The queendom of drag is vast and diverse: There are comedy queens and look queens and insult queens and pageant queens, goth queens and dancing queens and lip synch assassin queens. And then there is Norwood Park’s Alexis Hex, who has carved out a singular genre as a knitting/crocheting/macrame-ing witch drag queen whose magic often involves transforming yarn into one-of-a-kind creations ranging from wall-hangings to fitted dresses to tiny toy birds.

As the host of YouTube’s Knitting’s a Drag, Hex uses anima-inspired unironic kitsch to teach aspiring fiber artists how to make their own toys and scarves with easy-to-follow (really) directions and a whole lotta charm, uniqueness, nerve, and talent.

Those traits are also on deck for Hex’s October 31 Halloween show, Whores of Horror, hosted by Hex’s drag mother Coco Sho-Nell and Raymond Cleveland and featuring a roster of a dozen queens serving Halloween eleganza realness. Some of the show, Hex says, will likely be shot in cemeteries.

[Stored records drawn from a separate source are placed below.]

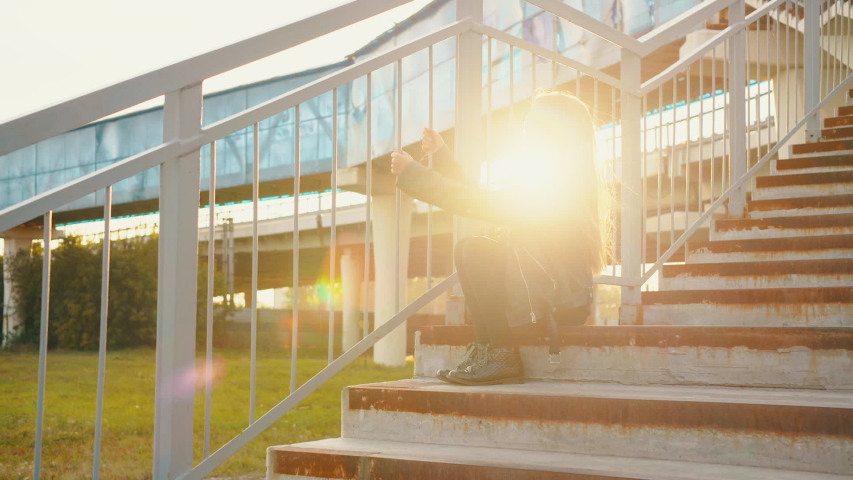 Excited stylish teenage girl posing on stairs during sunset. Low angle view of adorable girl in black leather jacket holding railing and posing on steps during sunset. Fashion concept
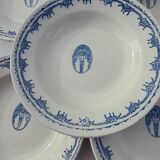 8 hollow plates in F J earthenware with frieze and central bouquet
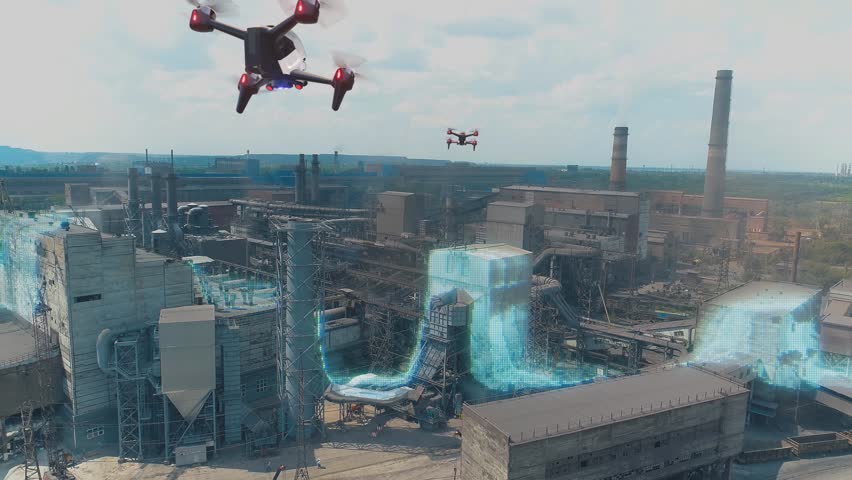 A drone flying over a factory. Aerial Drone View Of Industrial Area. Autonomous Flight. Smart Industry, Smart Factory. - Powered by Shutterstock - Get 15% off with code: PIKWIZARD15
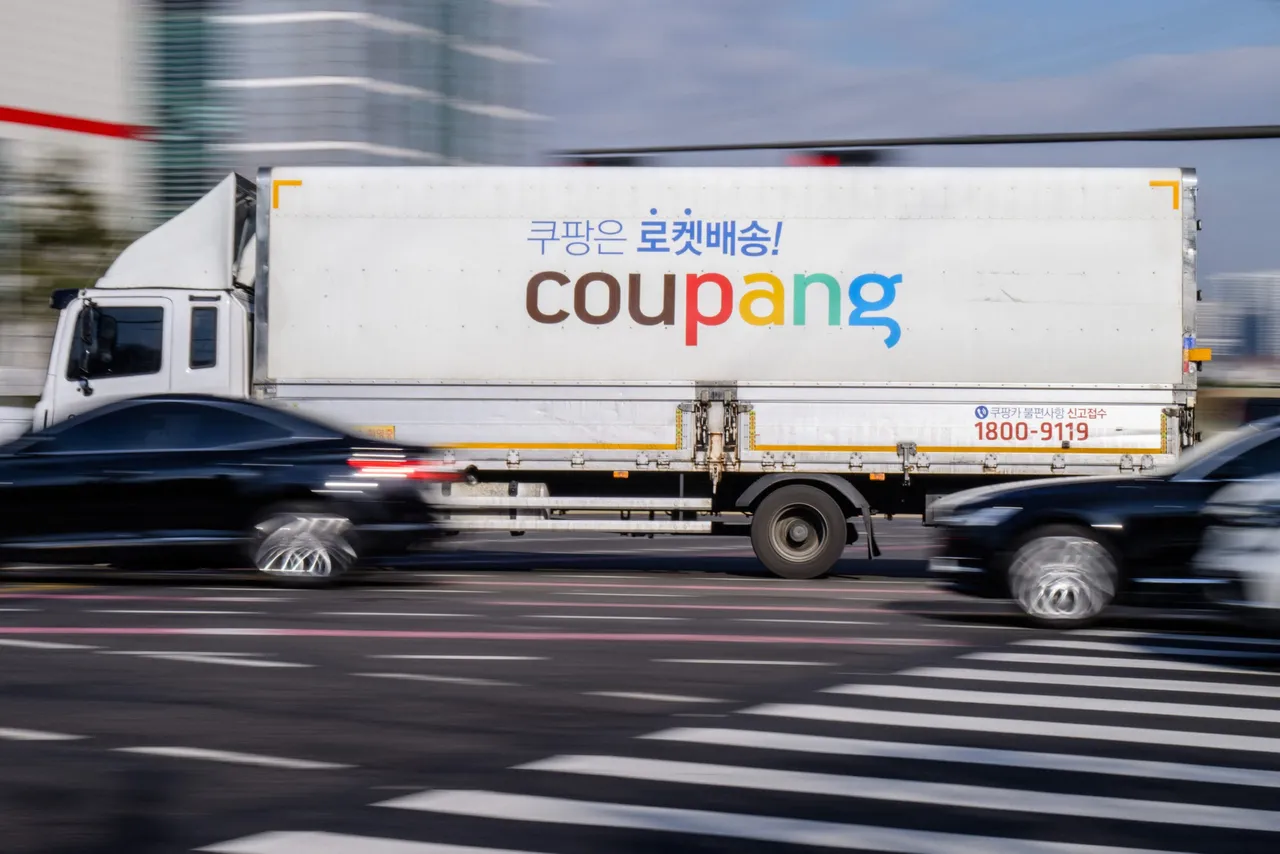 A delivery truck of South Korean e-commerce giant Coupang is driven along a road in Seoul on December 9, 2025. South Korean police raided the Seoul headquarters of e-commerce giant Coupang on December 9, over a recent data leak believed to have affected almost two-thirds of the country's population. (Photo by ANTHONY WALLACE / AFP via Getty Images)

“Knitting’s like drag,” Hex says. “You take bits and pieces of things everybody has access to and you use them to create something beautiful and creative. There’s a magic to knitting. When you start to see the fabric start to form, it almost comes alive.”

At 36, Hex, nee Brent Perrotti, has no time for disrespect. “I’ve had guys come up to me and be all ‘Are you seriously knitting in a bar?’ And I’ll be like, ‘Are you seriously bothering me while I’m sitting here minding my own business knitting in a bar?’ I knit everywhere. Alone in a bar, wherever. It doesn’t need defending,” Perrotti said.

If the best defense is looking fabulous, Hex has things all sewn up. Exhibit A: The crochet dress she wore for a recent photo shoot. It fits like bespoke couture and it looks like a Vogue editorial.

Hex’s transformation into the Knitting Drag Queen began, as so many meaningful things do not, at an Applebee’s. Hex was working as a server in 2009, near her hometown of Buffalo Grove. One of her tables included a woman knitting a blood red scarf. She was intrigued.

“On my day off I bought yarn, needles, a book about knitting. I had a friend show me things I wasn’t quite getting from the book—and from then on I never left the house without yarn and needles. I feel quite comfortable going to bars alone with my knitting,” Hex says.

While Perrotti has been knitting since 2009, Alexis Hex arrived on the scene in 2014, a queen born of a goblin king. “Everyone’s first time in drag in public is either Halloween or Pride, and I was Halloween,” Hex says.

“I had always thought drag would be so much fun, but I was already the weird guy who knit at bars. Why would I do any other thing that would make me even weirder? But then I realized, I’m already the weirdo, what does it matter if I add something else?”

She turned, as so many do, to David Bowie for inspo. “I did a Bowie inspired Goblin King thing. I was really feeling myself. I thought I looked great. I look back at the photos and I realize maybe I shouldn’t have been feeling myself quite so much,” she recalls.

Hex’s first performance in drag was an amateur drop-in show at Edgewater’s the Call, a neighborhood bar frequented by drag queens and the people who love them. Hex opened with “a slow jam version of the Pokemon theme.”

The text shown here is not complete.